I’ve reached the point that when someone asks, “What are you reading?” I sometimes have the good fortune to say, “Dan Pink.” Whatever this man writes, I want to read. He is a thinker who is at least 1.5 standard deviations beyond the bell curve. And he knows how to blend storytelling and research in ways that produce remarkably engaging and insightful writings.
In Drive, he “exposes the mismatch between what science knows and what business does—and how that affects every aspect of life.” He takes on some of our most sacred workplace cows: the “carrot-and-stick” mentality of getting others to do what we want, the blind reliance on external motivators, the whole premise of management. He counters them with what we all know experientially: that rewarding good behavior and punishing bad may curtail what we don’t want in the short term but does not enhance performance, creativity, or self-direction in the long term. He reminds us that we are all, by nature, curious and self-directed. If you doubt it, just look at any toddler. What fuels our motivation are not carrots and sticks but autonomy, mastery, and purpose.

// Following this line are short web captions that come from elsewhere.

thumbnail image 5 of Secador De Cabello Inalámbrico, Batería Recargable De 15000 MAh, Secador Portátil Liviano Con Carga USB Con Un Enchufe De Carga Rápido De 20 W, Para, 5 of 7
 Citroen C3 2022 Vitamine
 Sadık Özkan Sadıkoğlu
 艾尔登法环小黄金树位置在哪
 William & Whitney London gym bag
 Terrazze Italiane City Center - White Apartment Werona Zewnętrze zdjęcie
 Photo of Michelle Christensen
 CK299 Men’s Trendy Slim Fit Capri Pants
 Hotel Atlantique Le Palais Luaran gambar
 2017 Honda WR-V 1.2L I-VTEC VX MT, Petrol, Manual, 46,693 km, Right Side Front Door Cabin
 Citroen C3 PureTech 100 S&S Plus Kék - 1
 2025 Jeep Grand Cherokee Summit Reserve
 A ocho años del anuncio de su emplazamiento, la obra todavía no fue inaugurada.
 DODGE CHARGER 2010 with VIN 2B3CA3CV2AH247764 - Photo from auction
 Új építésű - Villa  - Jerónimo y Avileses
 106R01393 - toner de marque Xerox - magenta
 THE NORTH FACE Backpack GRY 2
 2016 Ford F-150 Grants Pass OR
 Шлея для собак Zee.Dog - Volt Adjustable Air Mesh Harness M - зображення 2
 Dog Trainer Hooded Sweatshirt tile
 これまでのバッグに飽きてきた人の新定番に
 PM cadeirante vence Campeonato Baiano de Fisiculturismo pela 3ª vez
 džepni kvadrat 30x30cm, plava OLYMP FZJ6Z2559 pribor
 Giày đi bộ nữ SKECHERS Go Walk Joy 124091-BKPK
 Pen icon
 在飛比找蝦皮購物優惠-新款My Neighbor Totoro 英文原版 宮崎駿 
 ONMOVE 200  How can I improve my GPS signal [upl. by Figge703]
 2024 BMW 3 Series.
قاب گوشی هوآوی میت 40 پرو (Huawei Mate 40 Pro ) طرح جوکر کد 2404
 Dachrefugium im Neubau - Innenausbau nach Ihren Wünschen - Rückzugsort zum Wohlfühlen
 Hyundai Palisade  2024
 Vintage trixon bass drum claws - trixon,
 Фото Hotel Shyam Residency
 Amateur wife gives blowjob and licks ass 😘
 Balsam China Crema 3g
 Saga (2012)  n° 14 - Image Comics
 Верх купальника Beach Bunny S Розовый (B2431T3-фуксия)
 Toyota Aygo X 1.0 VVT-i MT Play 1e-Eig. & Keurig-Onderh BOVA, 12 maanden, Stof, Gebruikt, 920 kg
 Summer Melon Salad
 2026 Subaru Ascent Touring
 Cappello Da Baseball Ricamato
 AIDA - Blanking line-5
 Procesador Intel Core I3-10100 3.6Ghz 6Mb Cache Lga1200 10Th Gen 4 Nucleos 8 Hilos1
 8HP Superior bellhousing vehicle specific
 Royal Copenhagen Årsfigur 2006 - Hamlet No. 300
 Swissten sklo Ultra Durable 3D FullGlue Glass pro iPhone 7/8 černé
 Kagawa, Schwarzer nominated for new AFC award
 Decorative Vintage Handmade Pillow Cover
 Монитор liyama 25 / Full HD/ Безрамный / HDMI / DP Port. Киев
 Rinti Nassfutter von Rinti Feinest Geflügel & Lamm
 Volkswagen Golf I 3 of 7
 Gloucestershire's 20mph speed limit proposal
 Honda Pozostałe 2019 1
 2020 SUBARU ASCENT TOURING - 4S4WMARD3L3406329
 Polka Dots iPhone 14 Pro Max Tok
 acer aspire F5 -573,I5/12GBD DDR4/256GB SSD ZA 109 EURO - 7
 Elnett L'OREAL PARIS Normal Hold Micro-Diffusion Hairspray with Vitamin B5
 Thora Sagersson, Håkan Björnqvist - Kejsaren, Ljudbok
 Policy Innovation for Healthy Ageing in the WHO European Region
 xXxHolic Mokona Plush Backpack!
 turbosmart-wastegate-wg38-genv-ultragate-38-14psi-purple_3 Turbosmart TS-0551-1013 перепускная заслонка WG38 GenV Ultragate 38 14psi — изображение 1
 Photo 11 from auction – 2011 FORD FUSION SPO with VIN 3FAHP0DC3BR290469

When we get stuck in a set of well-intended but misguided beliefs about the human condition—as Dan illustrates in the first part of the book, using both research and real-life examples—we turn a blind eye to the self-organizing and self-correcting capacity of people at work as well as at play.
In another life, I was a literature major. So I find his frequent reliance on metaphors a refreshing way of presenting what we already know intuitively and are quick to ignore when we’re in a management seat. The book is built on an extended metaphor that likens motivation to computer operating systems: Motivation 1.0, which is survival; Motivation 2.0 and Motivation 2.1, which are variants on the pleasure-pain principle; and Motivation 3.0, which is anchored in the motivating power of autonomy, mastery, and purpose. He also peppers the pages with one-shots like our “default settings,” our “motivation bucket,” and a reference to tossing management onto the “linguistic ash heap….’” In short, he knows how to engage our imaginations in ways that trigger emotional as well as logical responses.
Some criticize him for presenting “old” research on motivation. I applaud him for putting it into language that managers may finally begin to hear. There has always been a lag between what science discovers and what everyday people are able to translate into action and results. The fact that some of his research goes back 20, 30, even 60 years speaks more to the insular world in which most managers live and the slow pace at which we allow research findings to penetrate our awareness than it does to Pink’s choice of subject matter or his manner of presentation.
This is a man who sees the world with fresh eyes, who sees the absurdity of “what is” and knows how to frame “what might be” in simple stories and easy language. If you’re struggling with ways to motivate those you lead and are willing to examine how your own operating system may be the obstacle, then I recommend Drive.